■ Available data ■
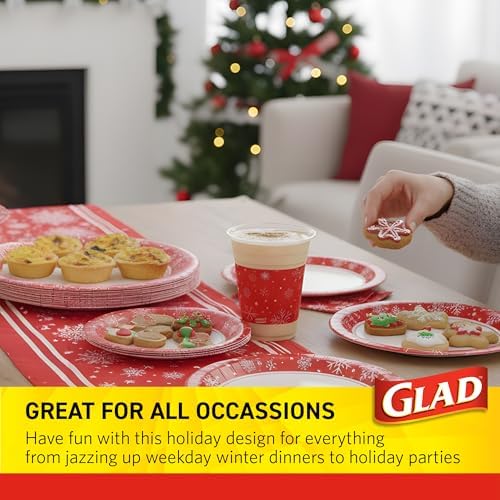 Glad Disposable Paper Plates, Holiday Red Snowflake, 7 Inch, 30 Count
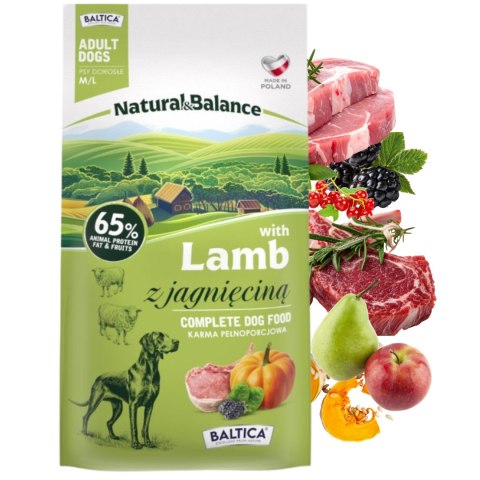 Zestaw Baltica Jagnięcina M/L 2X9kg karma dla psa sucha Natural Balance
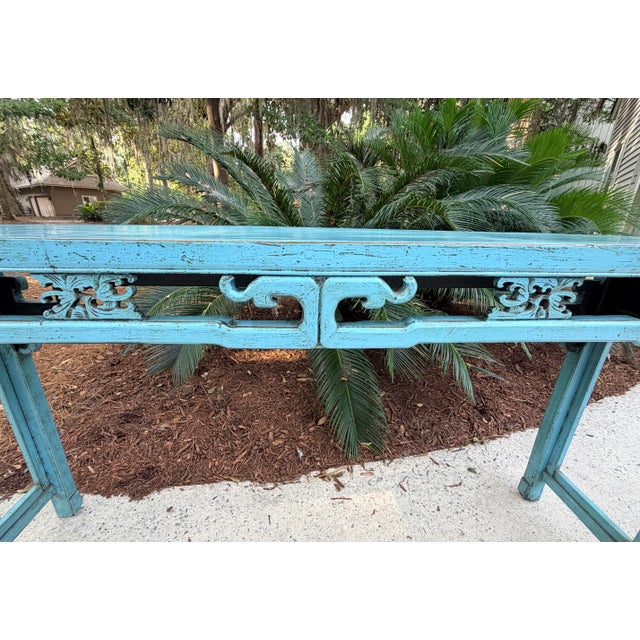 Chinese Distressed Turquoise Blue Console Table For Sale - Image 4 of 14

■ Required work ■
Return each line above exactly; any pictures are to be skipped.

■ Exercise solution ■
 Glad Disposable Paper Plates, Holiday Red Snowflake, 7 Inch, 30 Count
 Zestaw Baltica Jagnięcina M/L 2X9kg karma dla psa sucha Natural Balance
 Chinese Distressed Turquoise Blue Console Table For Sale - Image 4 of 14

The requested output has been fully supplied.